These projects, which fall under the jargon-y umbrella of “distributed content,” have provoked handwringing within the media as to the wisdom of publishers allowing tech and social media companies to host their content (and, in most cases, take a cut of their ad revenues). I’ve been among the handwringers, although I’m now more optimistic than most. But at a time when the rise of ad-blockers threatens to puncture online publishers’ business models, distributed content is beginning to look like a lesser evil.

But it isn’t enough for publishers to like Apple News, Snapchat Discover, and Facebook Instant Articles. Readers have to find them compelling too. And the early returns have been mixed. BuzzFeed, for one, is finding Snapchat Discover to be a boon, with more than 20 percent of all its traffic now taking place within the Snapchat app. But after the initial hype, Facebook’s Instant Articles have gone quiet, for reasons that the company has not yet made clear.

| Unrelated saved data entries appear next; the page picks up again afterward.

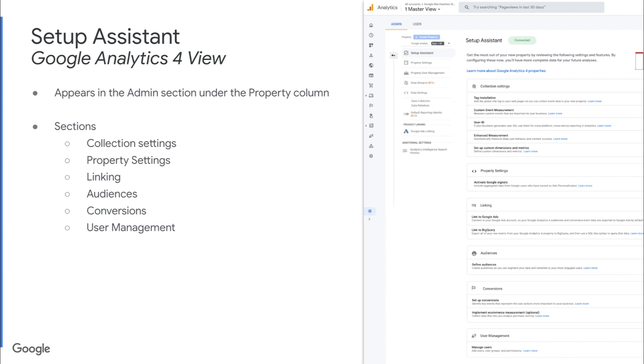But this setup assistant includes sections like collection settings, property settings, linking, audiences, conversions, and user management.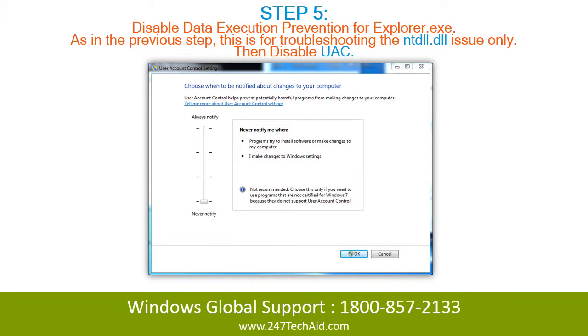Step 5: Disable data execution prevention for Explorer extension. As in the previous step, this is for troubleshooting the issue only. Then disable UAC.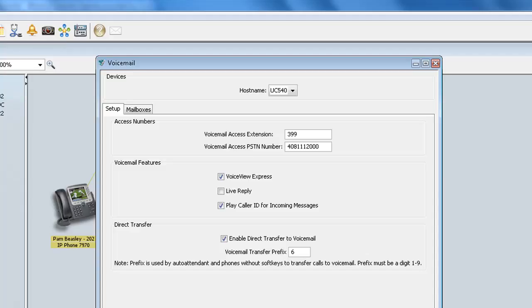Directly below that, you have Live Reply, which enables Cisco subscribers who listen to voicemail messages by phone or VoiceView Express to reply to another user's message by pressing 4-4. So by default, this feature is disabled, but if you do want your users to have the ability to reply to another user's message by pressing 4-4, then you can go ahead and enable that.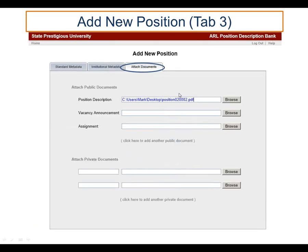The third tab in adding a new position is the attachment of documents. We'll accept position descriptions, vacancy announcements, or annual assignment documents, and the person — very much like attaching a document to an email — could browse to the document and attach it. There's also the opportunity for institutional level documents that are not required but are of interest to that institution, which would also be attached through this tab. This would only be required at the discretion of the institution, and institutional level documents would not be viewed by other institutions.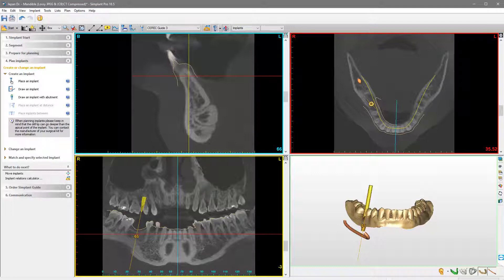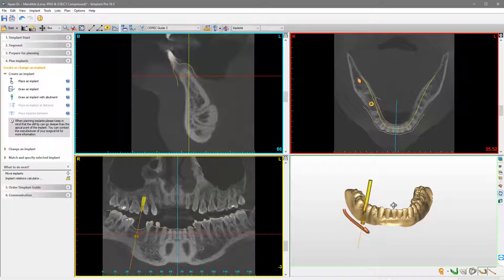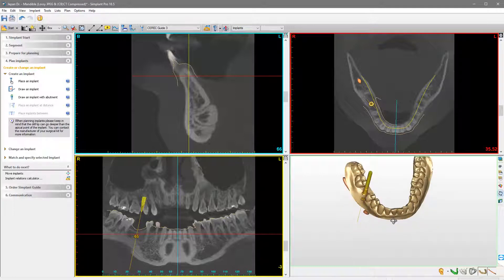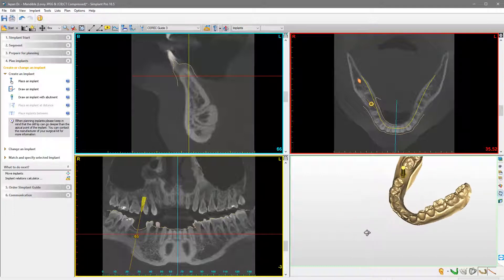These colors are also visible in each other view. For example, you can see the blue line that represents the current cross-section slice and the yellow line that indicates the current panoramic slice. In order to rotate the 3D view, press and hold the right mouse button down and move the mouse.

In order for Apple News to succeed, it will need to be much more than a fancified RSS feed of stories from each user’s favorite sites. For all its flaws as a news-reading utility, there is a reason people keep opening Facebook’s app every day on their phones and tablets. The social network has devoted enormous effort over the years to figuring out exactly which types of data its algorithm needs, and what weights it ought to assign them, in order to show people the posts they’re most interested in. And that has turned out, in many cases, to be quite different from the sort of content they think they’re interested in.

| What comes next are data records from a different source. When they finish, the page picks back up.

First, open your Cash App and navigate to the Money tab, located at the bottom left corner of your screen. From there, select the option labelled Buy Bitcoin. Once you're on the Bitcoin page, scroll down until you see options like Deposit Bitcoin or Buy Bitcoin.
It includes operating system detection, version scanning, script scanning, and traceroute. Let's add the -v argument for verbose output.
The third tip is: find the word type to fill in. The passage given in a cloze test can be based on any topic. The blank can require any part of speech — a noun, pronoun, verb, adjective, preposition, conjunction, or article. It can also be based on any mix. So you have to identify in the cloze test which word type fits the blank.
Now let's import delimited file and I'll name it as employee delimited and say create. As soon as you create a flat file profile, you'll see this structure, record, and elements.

Apple News holds immediate appeal for newshounds because it promises to restore some human control and judgment to the curation process. In another contrast to Facebook, Apple promises that its app will respect users’ privacy by refining its recommendations based only on their behavior within Apple News, rather than tracking their habits and preferences willy-nilly.

That protective silo is a strong selling point—in theory. But it could also be Apple News’ biggest drawback.

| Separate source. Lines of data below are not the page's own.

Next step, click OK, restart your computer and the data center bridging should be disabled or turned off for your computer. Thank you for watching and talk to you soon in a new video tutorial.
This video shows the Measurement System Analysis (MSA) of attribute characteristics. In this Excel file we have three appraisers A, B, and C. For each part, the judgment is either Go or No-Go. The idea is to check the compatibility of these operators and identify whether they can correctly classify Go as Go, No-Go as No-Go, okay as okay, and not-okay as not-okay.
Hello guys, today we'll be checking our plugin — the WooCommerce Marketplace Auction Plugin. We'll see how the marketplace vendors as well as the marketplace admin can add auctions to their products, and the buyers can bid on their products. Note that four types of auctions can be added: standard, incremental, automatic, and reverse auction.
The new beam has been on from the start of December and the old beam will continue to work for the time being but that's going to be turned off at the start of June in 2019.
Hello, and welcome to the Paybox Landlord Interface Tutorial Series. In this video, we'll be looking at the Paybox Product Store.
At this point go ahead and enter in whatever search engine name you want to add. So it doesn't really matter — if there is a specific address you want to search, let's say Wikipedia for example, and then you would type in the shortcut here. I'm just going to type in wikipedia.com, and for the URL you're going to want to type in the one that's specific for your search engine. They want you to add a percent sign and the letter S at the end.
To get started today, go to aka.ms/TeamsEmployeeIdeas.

 As much as we clamor for a calmer, sleeker news reading experience, it’s not clear that’s what most people really want. That is, they may actually prefer to get their news sprinkled across a social feed, so that it comes packaged with entertainment, interaction, and a soupcon of persona drama. It’s easy to forget that print newspapers, stodgy as their reputation has become, were pioneers in this regard, nestling their investigative journalism alongside gossip columns and funny pages. If Apple news fails to reshape the industry, as similar apps have failed before it, it might not be a failure of execution. It might be that the concept of the ideal news app is fundamentally flawed.

These questions aren’t even worth pondering, of course, if Apple’s product doesn’t quickly get better at learning what people actually want, as opposed to what they say they want. Apple might soon find that there’s a good reason Facebook pays so much attention to clicks, likes, and shares, and why it has gotten so greedy when it comes to data on users’ behavior. It may be that you simply can’t build a compelling recommendation algorithm without it.